=== Begin Enclosure ===
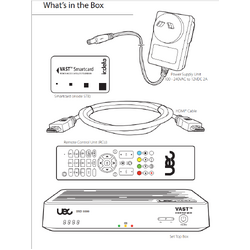 UEC VAST DSD 5000 Dual Tuner PVR 12V/240V Satellite Receiver.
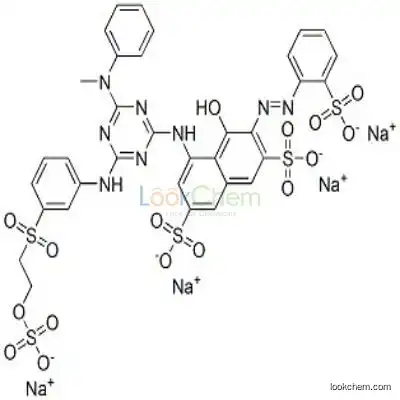 111353-83-4 1-[4-[3-[[2-(Sodiooxysulfonyloxy)ethyl]sulfonyl]phenylamino]-6-[phenyl(methyl)amino]-1,3,5-triazine-2-ylamino]-8-hydroxy-7-[2-(sodiooxysulfonyl)phenylazo]naphthalene-3,6-bis(sulfonic acid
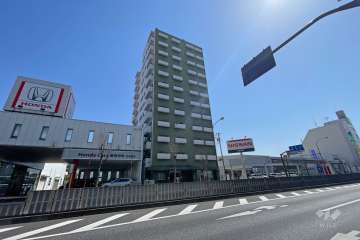 オオサキ竹の塚マンションの外観（北西側から）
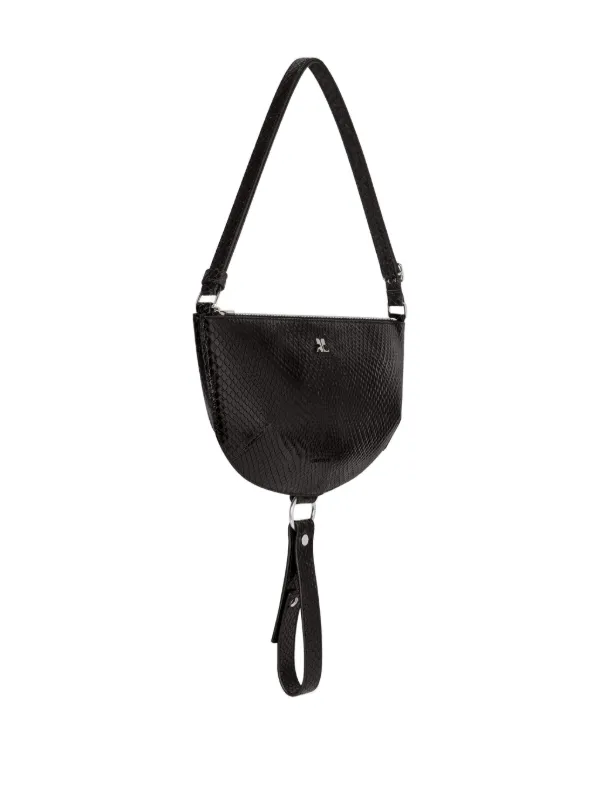 【関税込み】COURREGES Holy Eclipse' shoulder bag Courrèges Holy Eclipse Leather Shoulder Bag | Black | FARFETCH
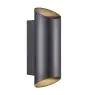 Nordlux Nico Veggbelysning Aluminium Svart Up & Down | IP54 - Egnet for 2x GU10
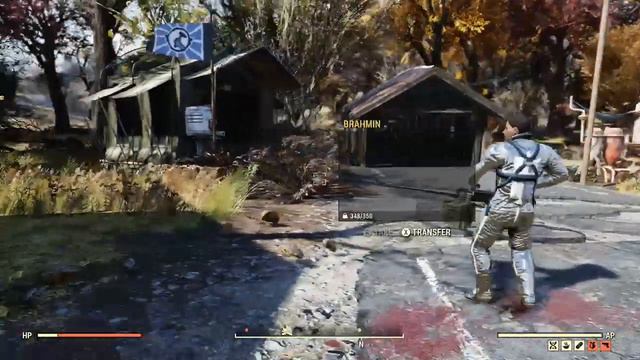 Fallout 76: Sofia Daguerre is the Terminator (equipping a camp ally with a weapon) смотреть онлайн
=== End Enclosure ===
▶ _WHAT NEEDS TO BE DONE_
The material above must be printed exactly, with its pictures left out.

▶ _SOLUTION BELOW_
 UEC VAST DSD 5000 Dual Tuner PVR 12V/240V Satellite Receiver.
 111353-83-4 1-[4-[3-[[2-(Sodiooxysulfonyloxy)ethyl]sulfonyl]phenylamino]-6-[phenyl(methyl)amino]-1,3,5-triazine-2-ylamino]-8-hydroxy-7-[2-(sodiooxysulfonyl)phenylazo]naphthalene-3,6-bis(sulfonic acid
 オオサキ竹の塚マンションの外観（北西側から）
 【関税込み】COURREGES Holy Eclipse' shoulder bag Courrèges Holy Eclipse Leather Shoulder Bag | Black | FARFETCH
 Nordlux Nico Veggbelysning Aluminium Svart Up & Down | IP54 - Egnet for 2x GU10
 Fallout 76: Sofia Daguerre is the Terminator (equipping a camp ally with a weapon) смотреть онлайн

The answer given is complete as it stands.